Award-winning documentarian Brett Ingram ’88 brings his film about an “imaginary” world to the Gregg Museum of Art & Design Saturday night. Rocaterrania features the story of Renaldo Kuhler, whose illustrations have been featured in an exhibit at the Gregg all summer. We caught up with Ingram by email to tell us about Kuhler’s creative world.
How did you come up with the idea for this film? I saw Renaldo on a city bus in 1994 and he immediately made an impression on me. He has that effect on people! However, I didn’t see him again until I took a job at the North Carolina Museum of Natural Sciences in 1996. I was introduced to him on my first day of work and I thought, “Hey, there’s that guy from the bus!” We instantly became friends and gradually he revealed to me that he had created this imaginary country.
Who is Renaldo Kuhler and what is his world of Rocaterrania? Renaldo Kuhler is a self-taught illustrator (he hates to be referred to as an “artist”) who made a living as a scientific illustrator at the North Carolina Museum of Natural Sciences for thirty years. Renaldo invented Rocaterrania as an escape from a dull life as a teenager on a remote cattle ranch in the Colorado Rockies in 1948. Rocaterrania also became a way of coping with an emotionally abusive upbringing, and its history parallels Renaldo’s own life story.
How much time did you spend with him while filming the documentary? I actually started shooting the film in 1998, but only worked on it sporadically until 2004, when I began working on the film with more intensity. Meanwhile, I was finishing up another feature documentary and several shorts. It also took years for Renaldo to open up to me completely. I visited Renaldo often during those first six years, visiting over coffee, lunch, or dinner, or just riding around Raleigh looking at new construction of his favorite activities. He became a good friend, maybe more like an uncle, to me.
What’s something that surprised you about Kuhler and his world? I was surprised and amazed at the detail with which the history of Rocaterrania was conceived and rendered. For narrative reasons, the film only explores the highlights of Rocaterrania’s history. It’s actually much, much more complicated and detailed with dozens of characters, all with backstories and extended families.
Subjects of your other films are also imaginative artists. What draws you to their stories? Like many of my subjects, I have found art, or in my case, filmmaking, to have a redemptive power. A creative spark, an idea, gives me an immediate rush and rejuvenates my soul every time. It’s a medium through which I can make sense of this mystery called life.

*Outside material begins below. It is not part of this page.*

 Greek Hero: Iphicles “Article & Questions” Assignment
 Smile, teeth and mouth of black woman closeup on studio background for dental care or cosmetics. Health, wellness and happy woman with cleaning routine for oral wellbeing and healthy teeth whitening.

Why is the Gregg an ideal venue to hold a screening of the film? First of all, Renaldo has lived in Raleigh longer than anywhere else in his life – 42 years! Second, Raleigh is where I met Renaldo and the project began. Third, because, the Gregg is a special place and it’s director, Roger Manley, was the first – and only – curator to program exhibits of Renaldo’s work. Raleigh – and NC State – are special to me because I studied engineering as an undergrad at NCSU and lived in Raleigh off and on for about 10 years.